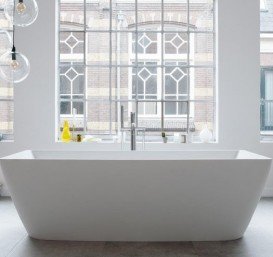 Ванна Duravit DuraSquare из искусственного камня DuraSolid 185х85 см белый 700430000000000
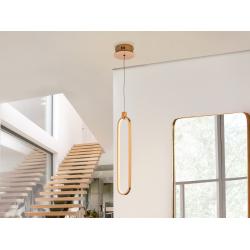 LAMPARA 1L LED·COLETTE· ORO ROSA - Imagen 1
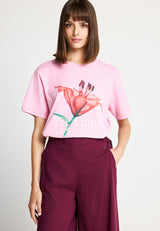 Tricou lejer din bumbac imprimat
* * * * *
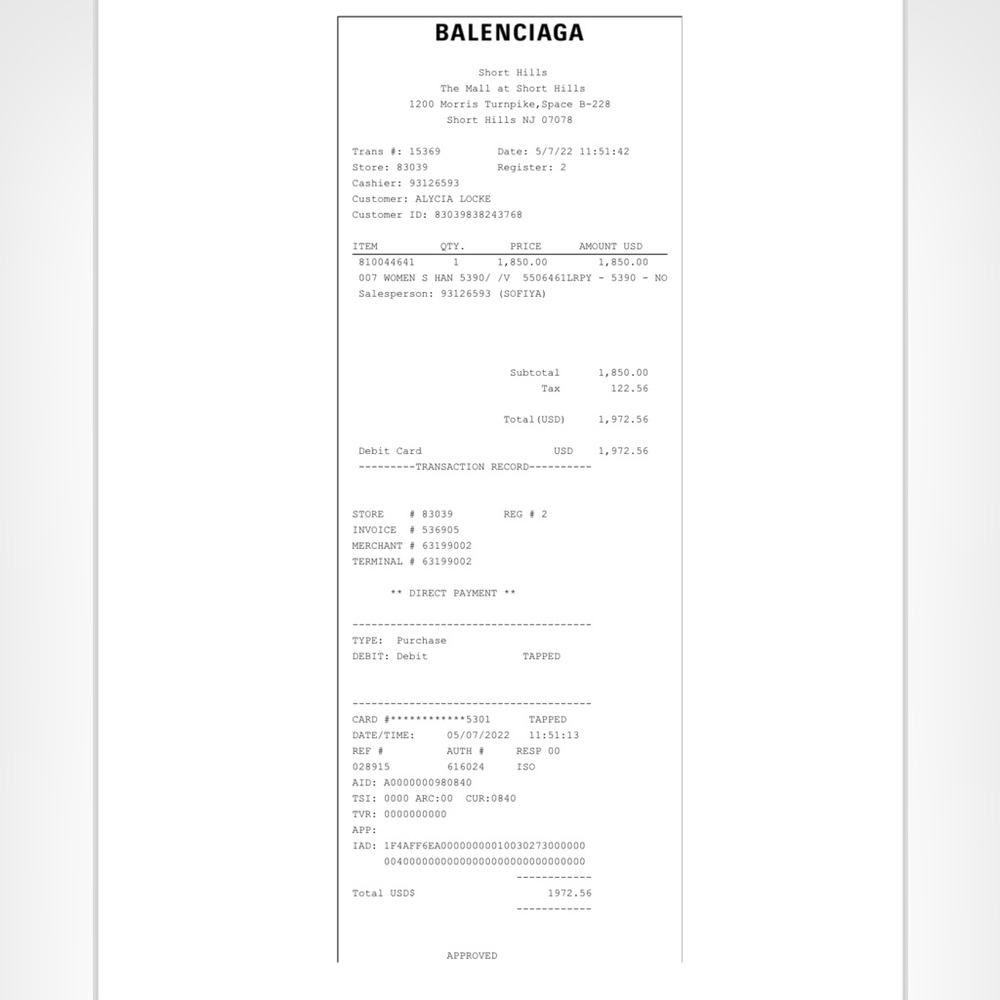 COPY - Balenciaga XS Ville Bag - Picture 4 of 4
* * * * *
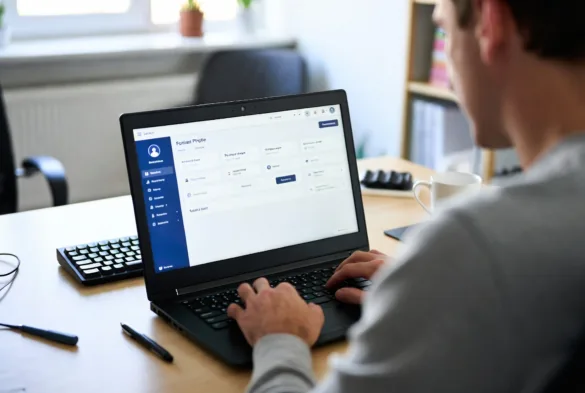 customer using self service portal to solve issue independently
* * * * *
Starting at the line containing "Ванна Duravit DuraSquare" and stopping at the line containing "Tricou lejer din bumbac imprimat", output each line exactly as it appears above. Leave out the pictures.

#### RESPONSE TO THE EXERCISE:
 Ванна Duravit DuraSquare из искусственного камня DuraSolid 185х85 см белый 700430000000000
 LAMPARA 1L LED·COLETTE· ORO ROSA - Imagen 1
 Tricou lejer din bumbac imprimat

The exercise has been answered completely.